**Instructions for the task**
Transcribe all of the data verbatim, please, and leave out its pictures.

**Material shown**
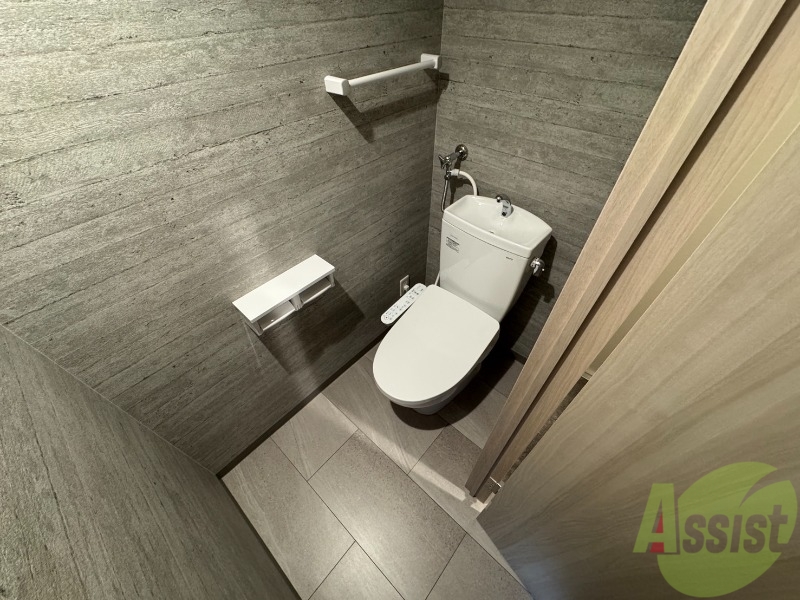 トイレ　こちらはトイレです。清潔感があり、安心して使用できます。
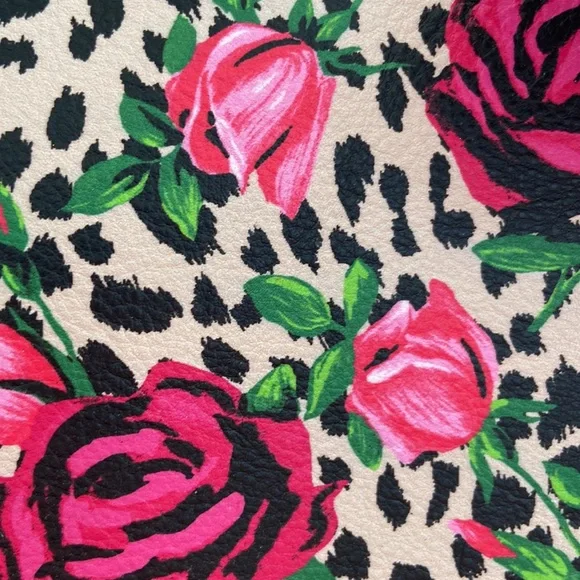 New! Betsey Johnson The Pet Set 3 Pieces: Crossbody Bag + Dog Collar + Waste Bag - Picture 6 of 11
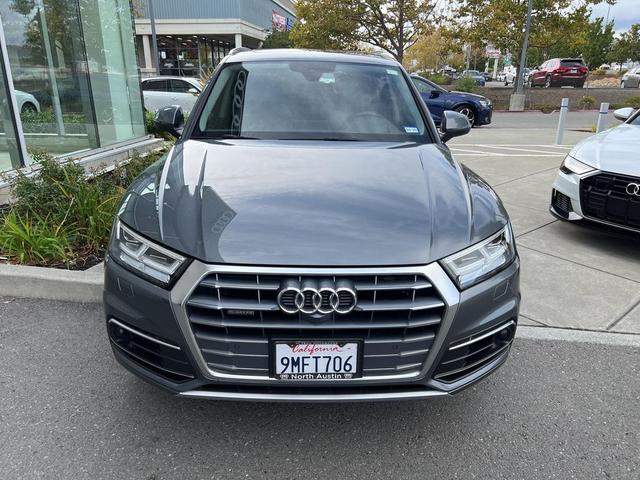 Photo of 2018 Monsoon Gray Metallic Audi Q5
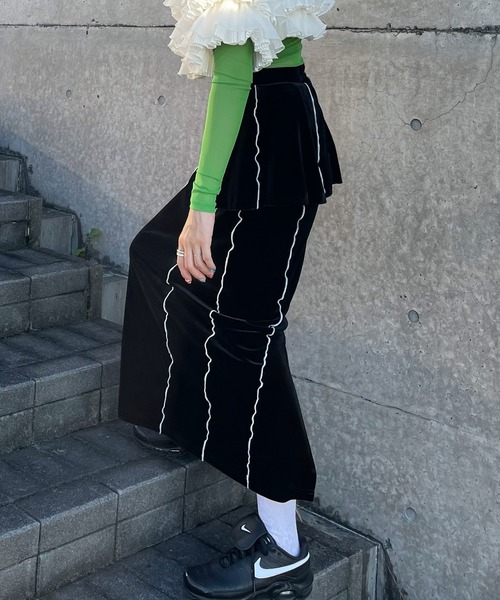 junoah(ジュノア)の「配色メロウベロアレイヤードスカート(スカート・レディース・モカ/ダークグレー/ブラック・MEDIUM/LARGE/X-LARGE)」の8枚目の写真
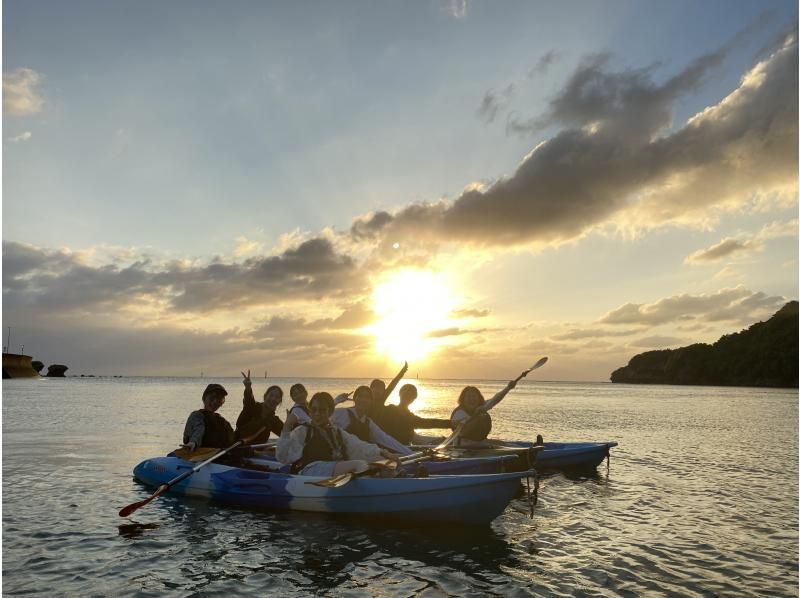 Sunset Mangrove Kayak Tour [Reservations available on the day] ★ Tour images provided! Very popular with girls' trips and couples! Conveniently located in the central part of the main islandの紹介画像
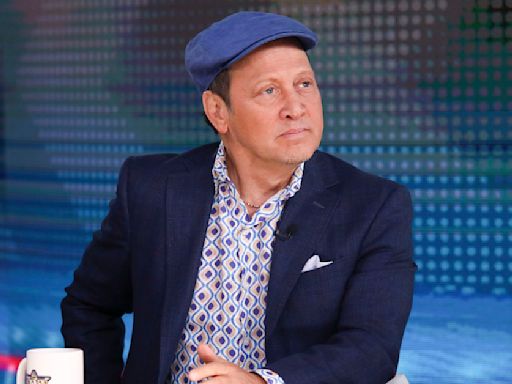 ‘Roundly Booed’: Rob Schneider Removed From Stage At Charity Event Over Anti-Trans And Anti-Vax Jokes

**Exercise output**
 トイレ　こちらはトイレです。清潔感があり、安心して使用できます。
 New! Betsey Johnson The Pet Set 3 Pieces: Crossbody Bag + Dog Collar + Waste Bag - Picture 6 of 11
 Photo of 2018 Monsoon Gray Metallic Audi Q5
 junoah(ジュノア)の「配色メロウベロアレイヤードスカート(スカート・レディース・モカ/ダークグレー/ブラック・MEDIUM/LARGE/X-LARGE)」の8枚目の写真
 Sunset Mangrove Kayak Tour [Reservations available on the day] ★ Tour images provided! Very popular with girls' trips and couples! Conveniently located in the central part of the main islandの紹介画像
 ‘Roundly Booed’: Rob Schneider Removed From Stage At Charity Event Over Anti-Trans And Anti-Vax Jokes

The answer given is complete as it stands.